Collected data
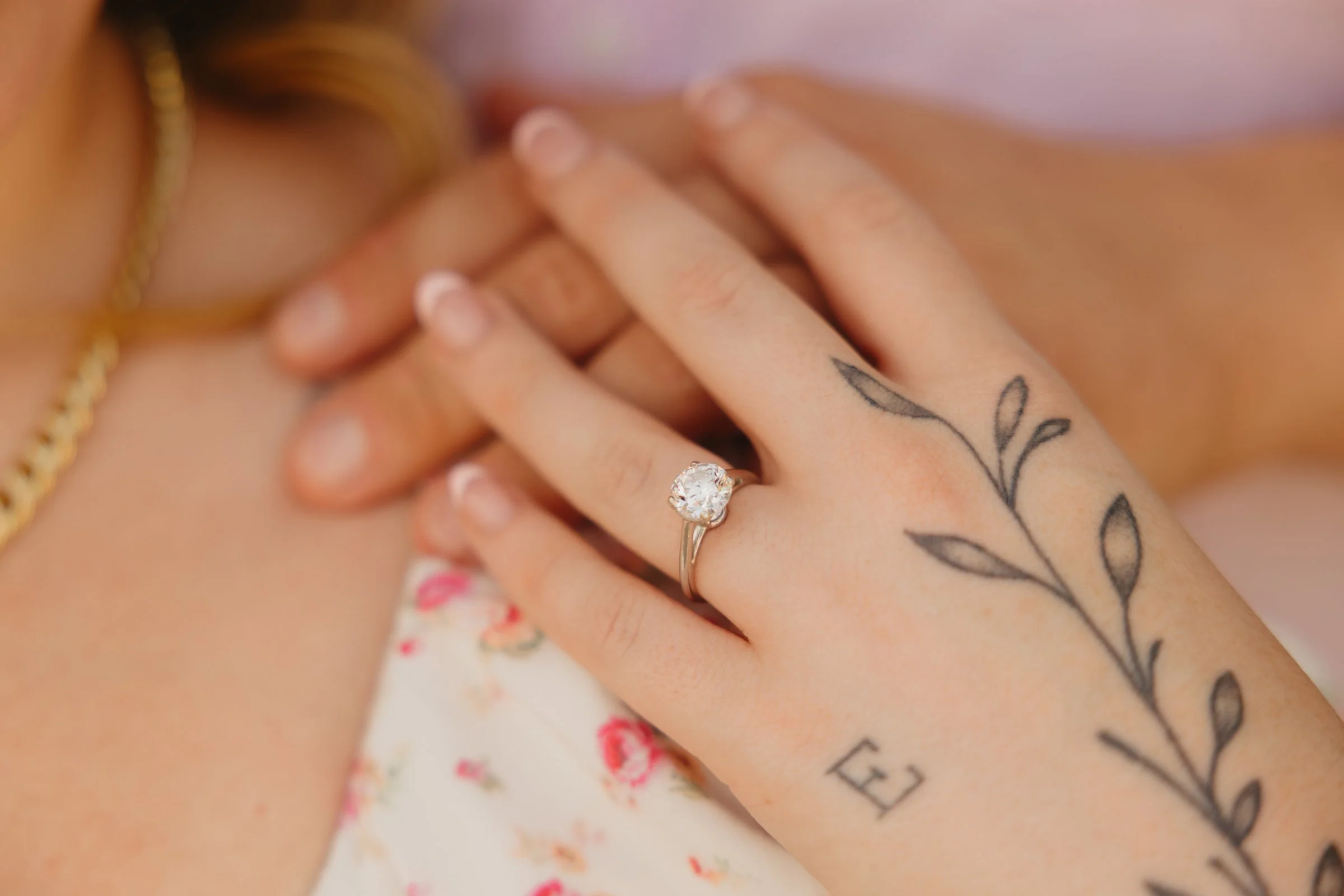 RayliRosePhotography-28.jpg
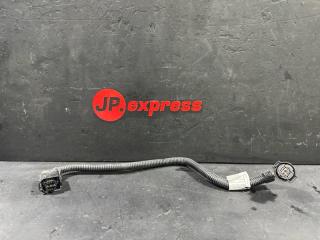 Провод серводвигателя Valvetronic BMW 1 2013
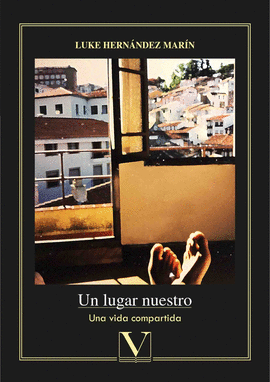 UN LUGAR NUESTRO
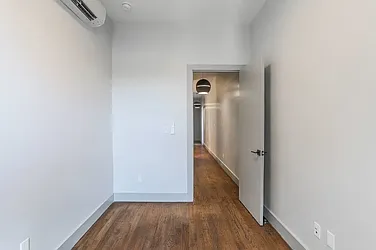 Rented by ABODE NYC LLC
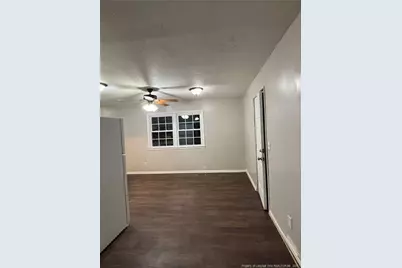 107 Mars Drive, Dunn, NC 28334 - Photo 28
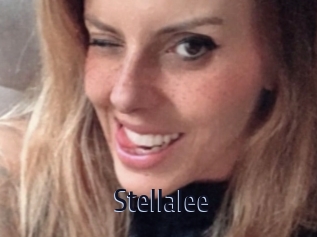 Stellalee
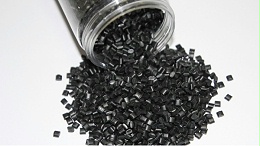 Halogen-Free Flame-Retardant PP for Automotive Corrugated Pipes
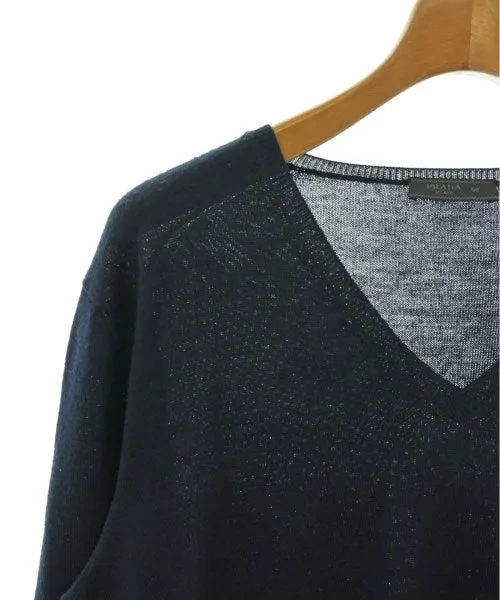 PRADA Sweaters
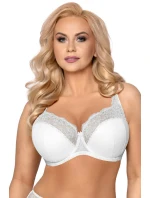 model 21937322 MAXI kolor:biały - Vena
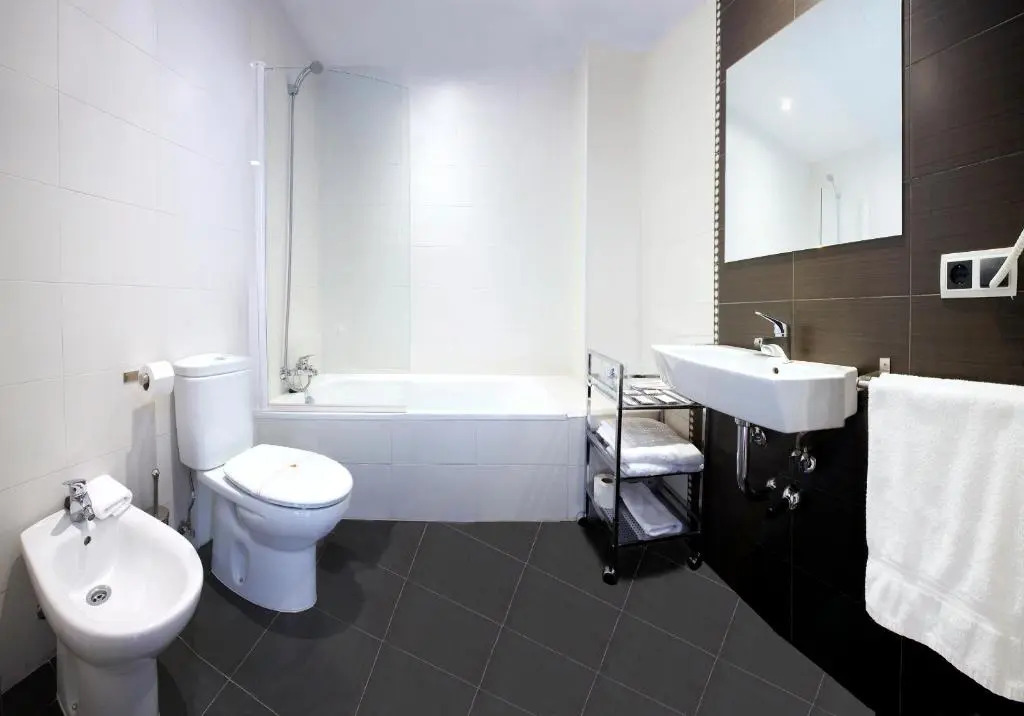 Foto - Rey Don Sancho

### TASK TO CARRY OUT
The images are to be left out; every line above should be set down exactly.

### REPLY TO THE EXERCISE
 RayliRosePhotography-28.jpg
 Провод серводвигателя Valvetronic BMW 1 2013
 UN LUGAR NUESTRO
 Rented by ABODE NYC LLC
 107 Mars Drive, Dunn, NC 28334 - Photo 28
 Stellalee
 Halogen-Free Flame-Retardant PP for Automotive Corrugated Pipes
 PRADA Sweaters
 model 21937322 MAXI kolor:biały - Vena
 Foto - Rey Don Sancho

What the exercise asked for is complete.